The Yale Program on Climate Change Communication’s mission is about educating, informing, warning, persuading, mobilizing and solving the global warming problem. The program feels that, climate change communication is shaped by our different experiences, mental and cultural models, and underlying values and worldviews. Their research seeks to identify and understand these different audiences as a first step to more effective education and communication on the issue.
Public opinion plays a very important role in how Americans responds to global warming. The Yale Program conducts bi-annual Climate Change in the American Mind national surveys to investigate, track and explain public understanding of climate change and level of support for climate policies in the U.S. The surveys are conducted in partnership with the Center for Climate Change Communication at George Mason University.
Their latest findings come from a survey of 1,226 American adults, aged 18 and older, and was conducted November 18 – December 1, 2016. The research was funded by the 11th Hour Project, the Energy Foundation, the Grantham Foundation, and the MacArthur Foundation.

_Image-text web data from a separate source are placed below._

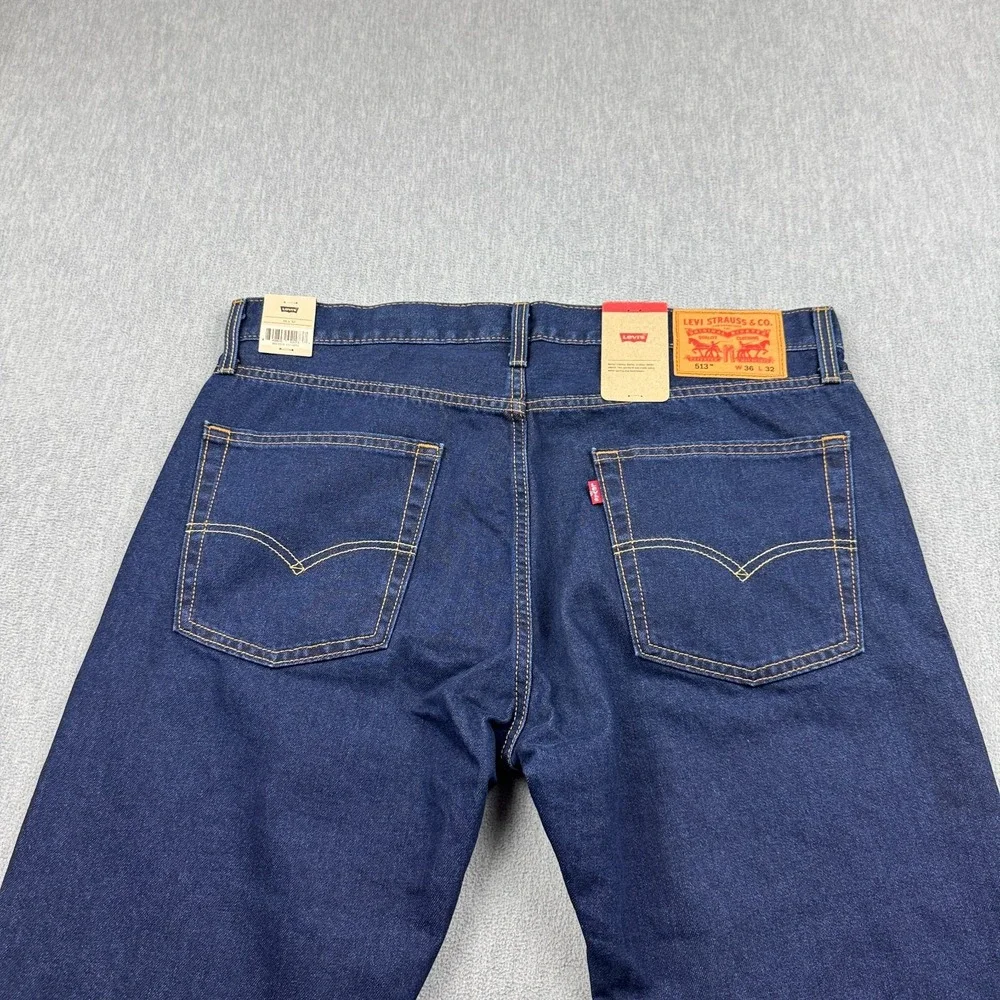 Levis 513 Jeans Mens 36x32 Blue Slim Straight Medium Wash Stretch Denim NWT‎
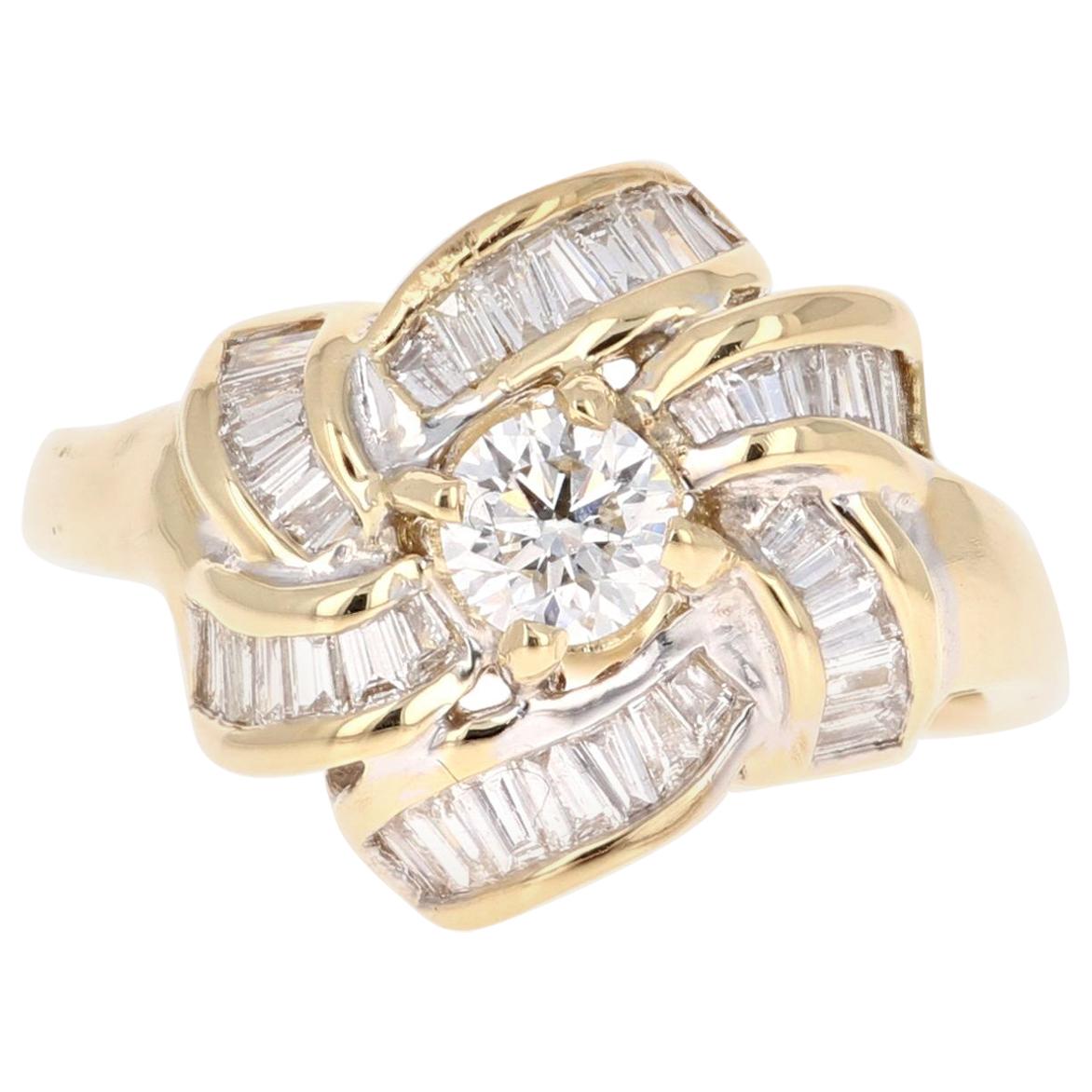 1.32 Carat Diamond Cluster 14 Karat Yellow Gold Ring For Sale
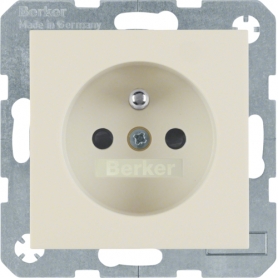 Berker 6768768982 S1 SD with protective contact pin. Contact protection cream white gloss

The survey found that the number of Americans “very worried” about global warming has reached a record high (19%) since first measured in 2008. A majority of Americans (61%) say they are “very” or “somewhat” worried about the issue – nearly equal to the highest level recorded in 2008 (62%).
Americans increasingly view global warming as a threat. Since Spring 2015, more Americans think it will harm people in developing countries (65%, +12 points), people in the U.S. (59%, +10 points), future generations (71%, +8 points), their own family (46%, +5 points), and themselves personally (41%, +5 points).
Other key findings included in the Yale Program on Climate Change Communication press release:
Seven in ten Americans (70%) think global warming is happening, which nearly matches the highest level (71%) recorded in 2008. By contrast, only about one in eight Americans (13%) think global warming is not Americans are also more certain it is happening – the proportion who are “extremely” or “very” sure global warming is happening (45%) is at its highest level since 2008.
Over half of Americans (55%) understand that global warming is mostly human caused, which is the highest level since 2008. By contrast, three in ten (30%) say it is due mostly to natural changes in the environment – the lowest level recorded since 2008.
Six in ten Americans (61%) say the issue of global warming is either “extremely” (10%), “very” (17%), or “somewhat” (34%) important to them personally. Four in ten (39%) say it is either “not too” (22%) or “not at all” (16%) important personally.
By a three-to-one margin, Americans say that schools should teach children about the causes, consequences, and potential solutions to global warming (76% agree vs. 24% who disagree).
“Despite the election of a president who has described global warming as a hoax, Americans are increasingly convinced global warming is happening and are more worried about it,” said lead researcher Anthony Leiserowitz, PhD. of Yale University. “This indicates that on this issue, there is a growing gap between the views of the American public and the incoming Trump administration.”